A gentle guide to statistical resampling methods
Reference: An introduction to statistical learning
All pictures shared in this post is from the reference.
Let’s start with the simple concept, validation. “Validate” is defined as “to support or corroborate on a sound or authoritative basis” by Marriam-Webster dictionary. In plain words, you are interested in using a dataset to test a model that is previously built and trained on another dataset. In data science, to achieve generalizability, we ‘randomly” divide the data into a training set and a validation set or hold-out set (in programming language, often the validation set is called testing set. e.g. train_test_split in sklearn package). (Figure 1)
Three ways of doing validation
In machine learning, there are typically three ways to do the validation: validation set approach, leave-one-out cross-validation (LOOCV), and k-fold cross-validation.
- Validation set approach (one time train/test split)
This method is exaclty like what Figure 1 shows: randomly divide the dataset into a training and a validation dataset. One interesting observation is that if we do the splitting several times, we will get different error estimates (e.g. mean square error which is commonly used in linear problems). Figure 2 demonstrated the variability of error estimates in several splittings.
The high variability is due to the heterogeneity of training datasets extracted from different times. To overcome the issue of variability, leave-one-out cross-validation was generated.
2. Leave-one-out cross-validation (LOOCV)

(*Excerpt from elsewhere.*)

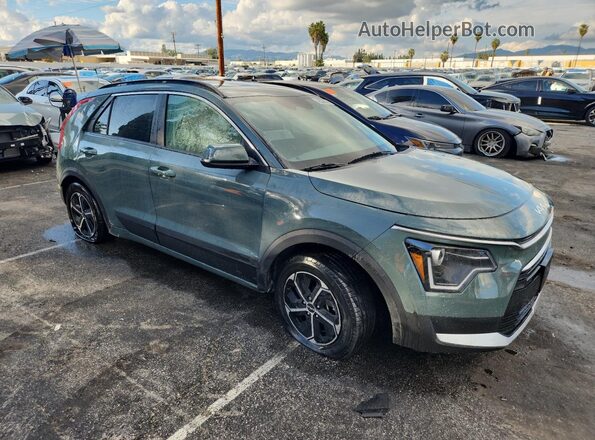 KNDCS3LF6P5067238 2023 KIA NIRO Зеленый 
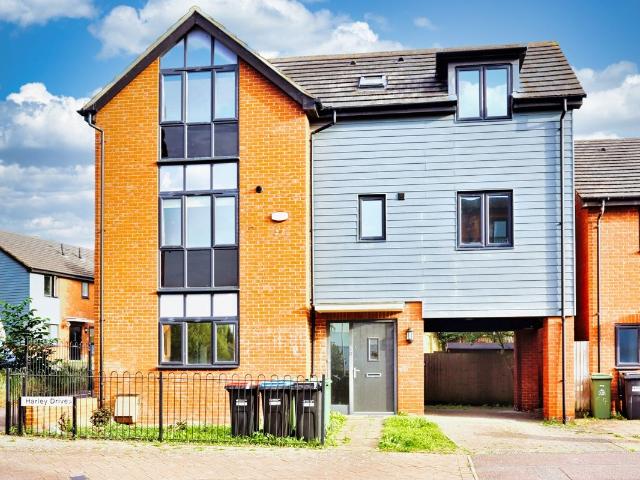 Harley Drive, Walton, Milton Keynes, Buckinghamshire MK7, 4 bed detached house to rent, £1,795 pcm | PrimeLocation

As simple as it seems, LOOCV only picks one observation as the validation set. This way, the model will be trained by almost the same training set every time, and therefore, the variablity of error estimates is minimal. See Figure 3 for the demonstration.
Imagine a dataset with n observations. Using LOOCV will have to fit the model n times! In the era of big data, this is almost impossible (mentally, physically, and financially :P) Here comes the well-known k-fold cross-validation!
3. k-fold validation
k-fold means that you split the data into k sets (k<n). Typically, we use k=5 or 10. As shown in Figure 4, when k = 5, the model will be fit for 5 times with five different training and validation sets. This approach will still yield higher variability in error estimates than LOOCV, due to the higher variable traning data; however, the variability is definitely smaller than the one from validation set approach.
In addition, what makes k-fold more preferable than LOOCV is not entirely due to its computational advantage.
Bias-variance trade-off
It is without question that the bias among the three methods from high to low is as follows: validation set approach, k-fold cross-validation, and LOOCV, depending on the completeness of the training dataset compared to the original dataset.
However, in case of the variance, variance from LOOCV approach is mathematically higher than that from k-fold cross-validation! Variance shows how far the error estimates spread out. The higher the variance, the less centralized the estimates are. For more details about bias-variance trade-off, I will recommend you to read this post.
The Bootstrap
Bootstrap means, “Rather than repeatedly obtaining independent data sets from the population, we instead obtain distinct data sets by repeatedly sampling observations from the original data set.”
The sampling is performed with replacement. In Fgiure 5, suppose we generate B data sets (Z1-ZB). In Z1 dataset, Obs 3 appears 2 times, and in ZB dataset, Obs2 appers 2 times. This is what replacement means: every time you pick an observation from the dataset; then you put it back to the dataset, and pick one again, the one which may be the same one as you just picked up.
Bootstrap is incredibly powerful for in practice, especially when it comes to small dataset or concerns of uncertainty of a statistical method. We will not always obtain the “entire” dataset (technically, it is impossible in any field); however, with bootstrap strategy, we can use the computer to simulate the process of “generating new datasets”, “so that we can estimate the variability of [estimate] without generating additional samples”.
This is a summary of Chapter 5 in the book of “An introduction to statistical learning”. I hope you enjoy the article and the book.